L’Acte d’établissement (10 février 1701) règle la succession au trône d’Angleterre et complète le bill des Droits.

« Pour une plus ample provision de la succession de la couronne dans la ligne protestante, Nous, les très obéissants et très fidèles sujets de Votre Majesté, les Lords spirituels et temporels et les Communes assemblés en ce présent Parlement, supplions V. M. qu’il soit établi et déclaré par S.M. le roi que la très excellente princesse Sophie, électrice et duchesse douairière de Hanovre, petite-fille de feu notre souverain seigneur le roi Jacques Ier, soit et est par celles-ci, déclarée être la plus prochaine à la succession dans la ligne protestante à la couronne d’Angleterre, après S.M. et la princesse Anne de Danemark, et à défaut respectivement de lignée de ladite princesse Anne et de S.M. […]

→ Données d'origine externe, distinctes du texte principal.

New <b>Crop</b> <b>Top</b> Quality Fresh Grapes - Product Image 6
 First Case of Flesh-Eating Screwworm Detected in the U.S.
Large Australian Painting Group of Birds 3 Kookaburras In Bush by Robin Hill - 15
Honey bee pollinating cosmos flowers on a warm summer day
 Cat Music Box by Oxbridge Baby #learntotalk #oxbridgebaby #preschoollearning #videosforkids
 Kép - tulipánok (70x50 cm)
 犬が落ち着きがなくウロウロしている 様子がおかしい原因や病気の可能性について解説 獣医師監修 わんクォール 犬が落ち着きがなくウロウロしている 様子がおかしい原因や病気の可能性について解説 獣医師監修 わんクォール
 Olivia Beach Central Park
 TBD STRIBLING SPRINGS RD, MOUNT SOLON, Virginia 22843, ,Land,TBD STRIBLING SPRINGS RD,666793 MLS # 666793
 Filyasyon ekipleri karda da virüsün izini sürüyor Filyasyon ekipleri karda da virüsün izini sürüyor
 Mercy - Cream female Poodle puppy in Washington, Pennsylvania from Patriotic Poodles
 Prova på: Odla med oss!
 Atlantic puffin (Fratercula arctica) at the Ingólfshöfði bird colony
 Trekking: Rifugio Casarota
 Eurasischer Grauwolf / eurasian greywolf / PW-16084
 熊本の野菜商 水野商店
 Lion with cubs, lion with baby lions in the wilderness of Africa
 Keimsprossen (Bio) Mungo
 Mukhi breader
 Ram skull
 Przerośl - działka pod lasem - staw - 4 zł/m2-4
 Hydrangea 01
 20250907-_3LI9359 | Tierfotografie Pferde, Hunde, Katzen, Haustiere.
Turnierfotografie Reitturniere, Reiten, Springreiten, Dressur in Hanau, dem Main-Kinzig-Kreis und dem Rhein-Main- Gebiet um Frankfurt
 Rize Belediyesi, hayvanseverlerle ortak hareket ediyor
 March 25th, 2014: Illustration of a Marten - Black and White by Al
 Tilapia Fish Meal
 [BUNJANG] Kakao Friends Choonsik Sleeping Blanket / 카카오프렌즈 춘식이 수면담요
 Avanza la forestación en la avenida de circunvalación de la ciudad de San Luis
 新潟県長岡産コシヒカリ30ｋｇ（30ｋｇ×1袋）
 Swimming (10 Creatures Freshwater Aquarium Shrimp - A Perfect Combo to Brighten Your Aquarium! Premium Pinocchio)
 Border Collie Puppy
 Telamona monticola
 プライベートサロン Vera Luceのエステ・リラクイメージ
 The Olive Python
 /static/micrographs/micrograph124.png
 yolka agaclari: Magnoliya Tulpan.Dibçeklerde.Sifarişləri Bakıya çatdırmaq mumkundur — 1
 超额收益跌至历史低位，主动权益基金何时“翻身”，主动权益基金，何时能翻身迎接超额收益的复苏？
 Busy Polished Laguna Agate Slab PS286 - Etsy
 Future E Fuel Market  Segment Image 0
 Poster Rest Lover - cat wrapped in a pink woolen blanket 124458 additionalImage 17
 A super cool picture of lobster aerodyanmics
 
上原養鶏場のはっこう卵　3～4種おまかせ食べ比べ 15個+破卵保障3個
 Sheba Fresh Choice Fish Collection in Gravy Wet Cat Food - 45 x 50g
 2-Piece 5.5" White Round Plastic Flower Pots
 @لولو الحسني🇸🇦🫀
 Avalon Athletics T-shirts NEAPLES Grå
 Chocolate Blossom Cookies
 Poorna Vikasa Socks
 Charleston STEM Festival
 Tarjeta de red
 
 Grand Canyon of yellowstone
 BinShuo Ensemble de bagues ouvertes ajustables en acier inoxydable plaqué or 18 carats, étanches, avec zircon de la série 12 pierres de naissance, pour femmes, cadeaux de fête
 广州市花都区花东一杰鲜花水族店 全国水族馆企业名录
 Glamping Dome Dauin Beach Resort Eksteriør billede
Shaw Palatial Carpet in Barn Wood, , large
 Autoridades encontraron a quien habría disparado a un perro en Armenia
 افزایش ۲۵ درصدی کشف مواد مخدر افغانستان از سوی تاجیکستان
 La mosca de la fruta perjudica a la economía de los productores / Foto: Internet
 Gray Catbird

Que toutes et chacune personne et personnes qui hériteront ou pourront héritier ladite couronne […], qui auront communion avec le siège ou l’Eglise de Rome ou qui se marieront à des papistes, seront sujets aux incapacités déclarées par ledit Acte […] Que quiconque viendra ci-après à la possession de cette couronne se conformera à la communion de l’Eglise anglicane, ainsi qu’elle est établie par les lois […]
Que nulle personne qui a un office ou charge de profit sous le roi ou qui reçoit une pension de la couronne, ne sera capable de servir comme membre de la Chambre des communes […]
Que les lois d’Angleterre sont les droits naturels du peuple d’icelle et que tous les rois et reines qui monteront sur le trône de ce royaume, doivent le gouverner conformément auxdites lois […] »

(Cité par François Lebrun, Le XVIIe siècle, éd. Armand Colin, coll. U, Paris, 1967, p. 291)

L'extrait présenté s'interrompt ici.